Genetiği inceleyen kişiler incelemişler ve bu sonuca ulaşmışlar. Baksana; bir araştırma konusu olmuş, ne güzel. Hoşuma gitti. Keşke herkes kahkaha atıp, gülebilse. Hem ruh durumunu, hem metabolizmayı, hem mutluluğu etkiliyor. Kahkaha yogası diye bir şey var sonuçta. İnsanlar serotonin hormonunu salgılayabilmek için üstüne para veriyorlar.
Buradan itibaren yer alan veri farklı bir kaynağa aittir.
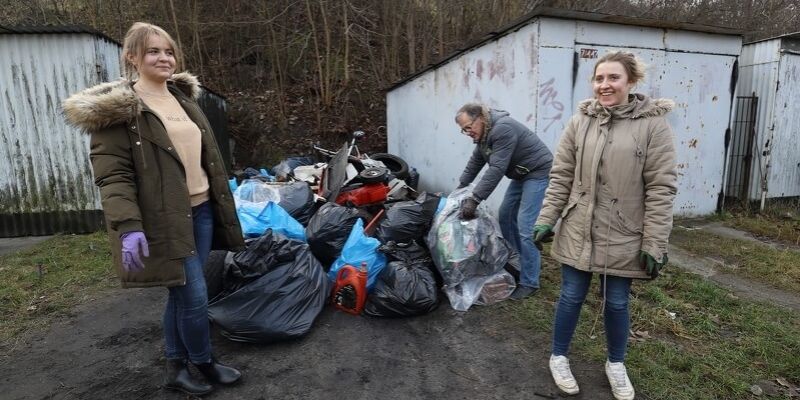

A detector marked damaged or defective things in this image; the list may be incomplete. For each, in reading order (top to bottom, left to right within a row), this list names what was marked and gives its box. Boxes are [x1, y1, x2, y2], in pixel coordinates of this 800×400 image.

rusty metal door [724, 95, 756, 202]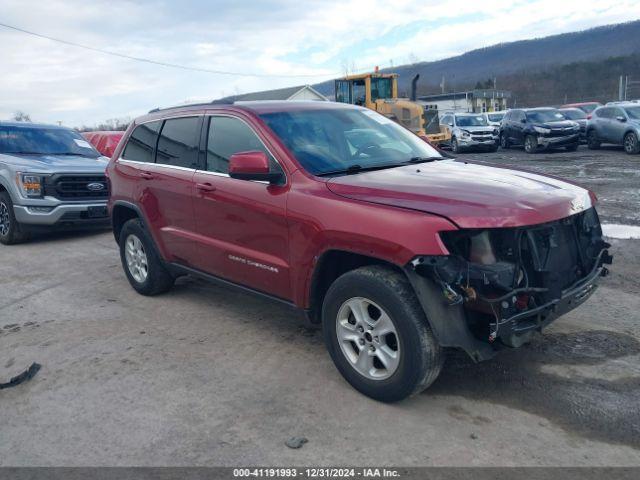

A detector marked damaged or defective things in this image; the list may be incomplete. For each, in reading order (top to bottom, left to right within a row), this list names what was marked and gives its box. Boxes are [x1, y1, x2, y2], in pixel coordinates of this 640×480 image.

Her daim mutlu bir tip misiniz?

Çok şükür mutluyum. Sağlığım yerinde, işim gücüm var. O açıdan bakarsan mutluyum tabii. Ama bir mutluluk böceği olarak dolaşmıyorum.

Aileniz de şen şakrak  insanlar mı?

Egeli’yiz sonuçta... Mutlu bir aileyiz diyebilirim. Yaşanmış bütün trajedilere rağmen, ki gerçekten çok travmatik şeyler var, bir şekilde hayata tutunma arzusu olan bir aileyiz. Belki kahkaha atmak, bir şekilde kırılma noktamız olmuştur. Trajedi, trajedi nereye kadar? O tarz şeyleri bertaraf etmek için bir formül geliştirmiş olabiliriz.